I loved the collaborative story; it was just so rare that one ever got finished.
The other day I was doing my news junkie bit on the BBC Technology site and I came across the story covering the South by Southwest Web Awards, in Austin, Texas. (See Note 3) Seeing that the winner was British, obviously I felt I should take a look.
The ‘We Tell Stories’ site was a really pleasant surprise. For the last few days I have been poking around an enjoying the way the new modern takes on classics were presented making the most of the interactive nature of the Internet. I keep finding myself going back to have another look and a little play.
Yet, I somehow doubt that this is another Flickr, Facebook or Twitter. You see it lacks one rather important element – the ability of the masses to contribute to the story. At the moment, all it does is provide content and once that content is exhausted, people will stop coming and the site will languish on some backwater of the Interweb.
If this site is to become ‘the next big thing’, it really needs to make tools available to the masses that will allow them to provide content into the site, which in turn will ensure that there is always something there for the returning visitor.
Consider the story posted called ‘The (Former) General’. You navigate through the narrative by clicking on the arrow keys, you choose the direction you want the story to move in. Now consider if the tools were there to allow a group to collaborate on the story, to add routes, to branch off one plot and into another, to add new nodes and their own prose or poetry (or pictures or video). Suddenly you have a tool to allow people to be creative, generate content and above all a commitment to the site and returning foot fall (see Note 4). It would even give those with the desire to control armies of flying, killer gerbils the ability to create their own plot line without upsetting the egos of other writers.
Don’t get me wrong, I love this site, I just would love to play with the tools and produce my own interactive stories using them.
Note 1: There is absolutely no truth in the rumour that, to ensure sales success, we had removed all of the toilet rolls from the toilets.
Note 2: I wonder if it has something to do with you look down to read a book and straight ahead to read a screen?
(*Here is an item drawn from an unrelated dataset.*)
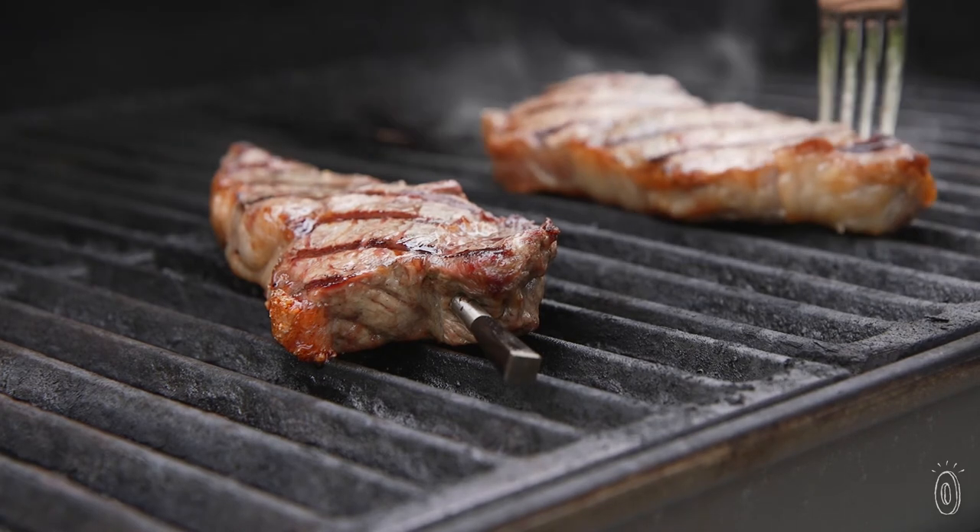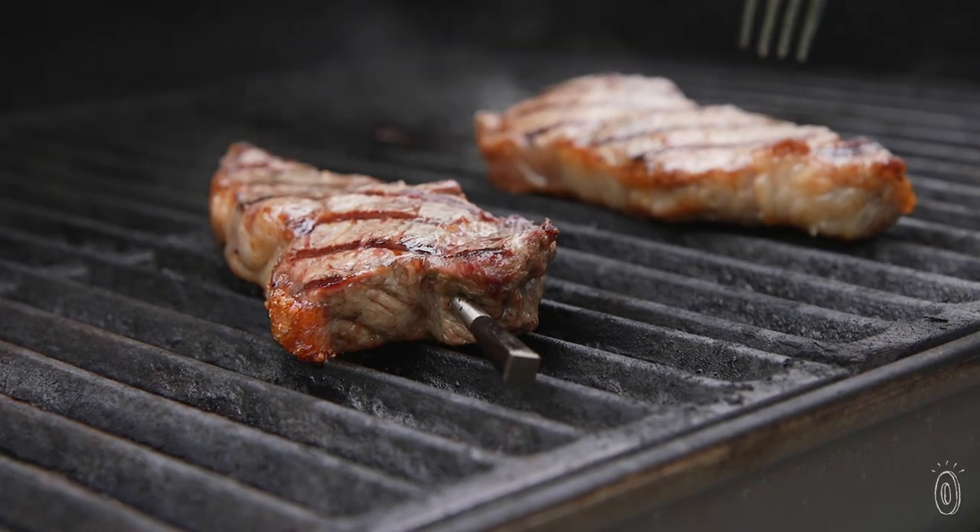I've used meat thermometers before, but with Meater I had so much information I felt confident and trusted it all the way through the process. With Meater keeping an eye on what's cooking, you're in good hands for a great result.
I wonder if there is some primeval trigger in the brain that has conditioned the human race to equate looking ahead with adrenaline type activities that require physical action such as hunting or avoiding being hunted, while looking down means you feel secure, and so can relax?
Note 3: I like the idea of an ‘elevator pitch’. It obviously saves the licence payers money by doing away with the need for a studio. I wish that some of the people who give me presentations would learn the technique.
Note 4: I’m not quite sure what the Internet equivalent to ‘foot fall’ would be.